Below are the records; retype them exactly and omit each picture.

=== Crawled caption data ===
┄┄┄┄┄┄┄┄┄┄

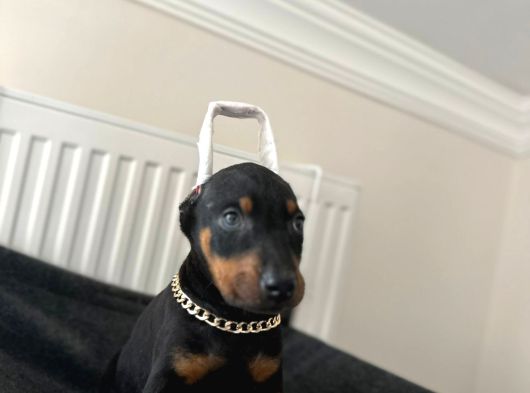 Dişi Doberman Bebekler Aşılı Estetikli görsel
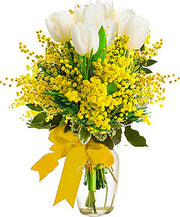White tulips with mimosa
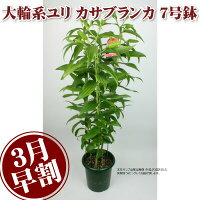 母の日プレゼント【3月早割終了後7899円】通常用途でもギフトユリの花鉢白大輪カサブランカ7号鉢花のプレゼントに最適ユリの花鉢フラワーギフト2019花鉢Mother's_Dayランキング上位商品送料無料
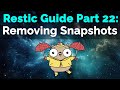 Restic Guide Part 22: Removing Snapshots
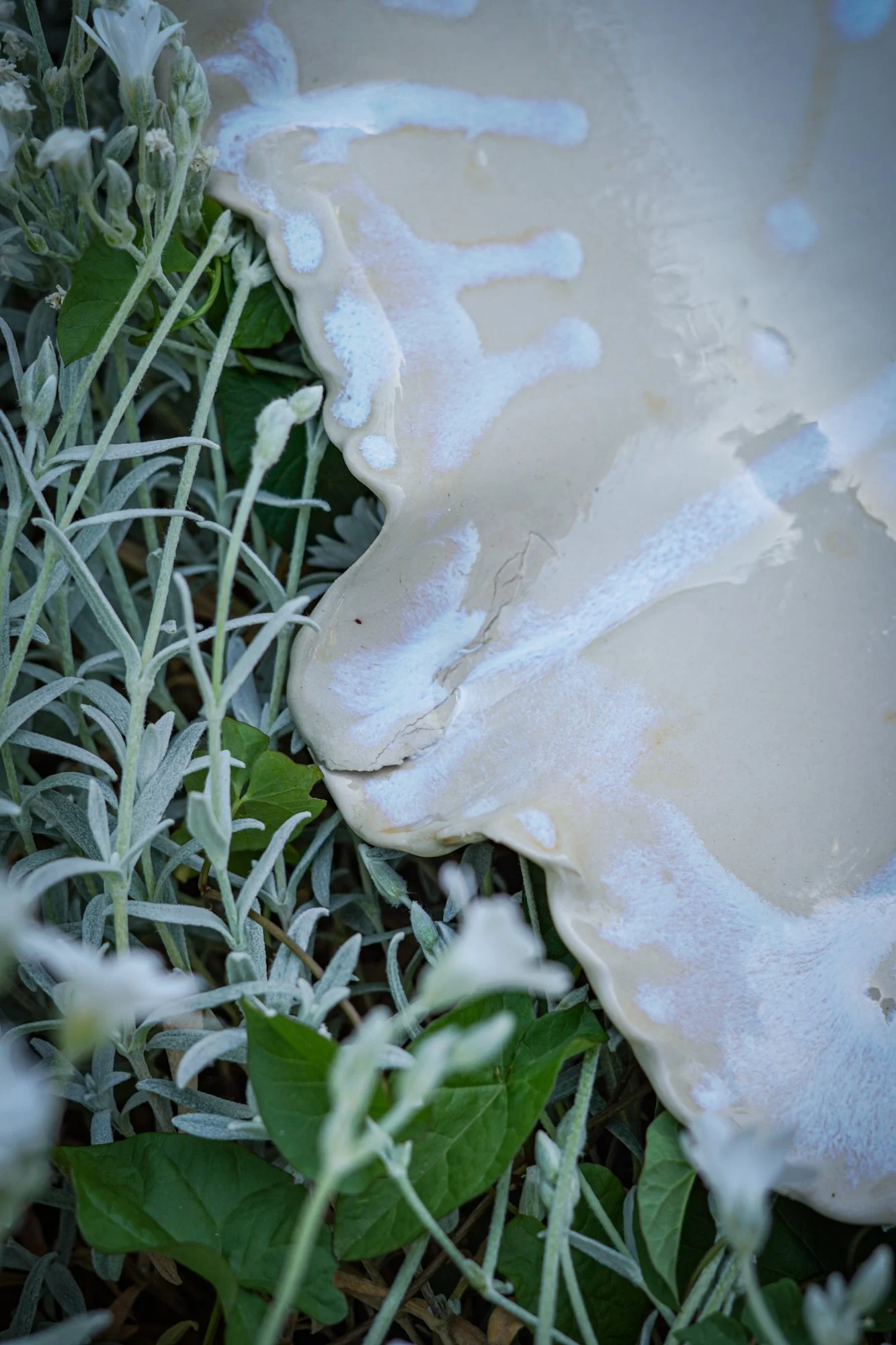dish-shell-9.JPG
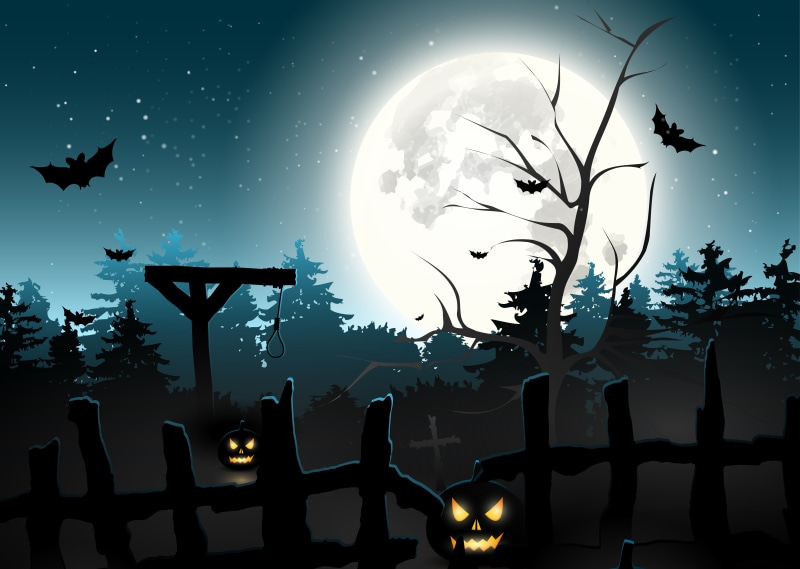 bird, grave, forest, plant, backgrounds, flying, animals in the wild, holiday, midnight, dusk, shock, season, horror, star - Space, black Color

┄┄┄┄┄┄┄┄┄┄

=== Response to this task ===
 Dişi Doberman Bebekler Aşılı Estetikli görsel
White tulips with mimosa
 母の日プレゼント【3月早割終了後7899円】通常用途でもギフトユリの花鉢白大輪カサブランカ7号鉢花のプレゼントに最適ユリの花鉢フラワーギフト2019花鉢Mother's_Dayランキング上位商品送料無料
 Restic Guide Part 22: Removing Snapshots
dish-shell-9.JPG
 bird, grave, forest, plant, backgrounds, flying, animals in the wild, holiday, midnight, dusk, shock, season, horror, star - Space, black Color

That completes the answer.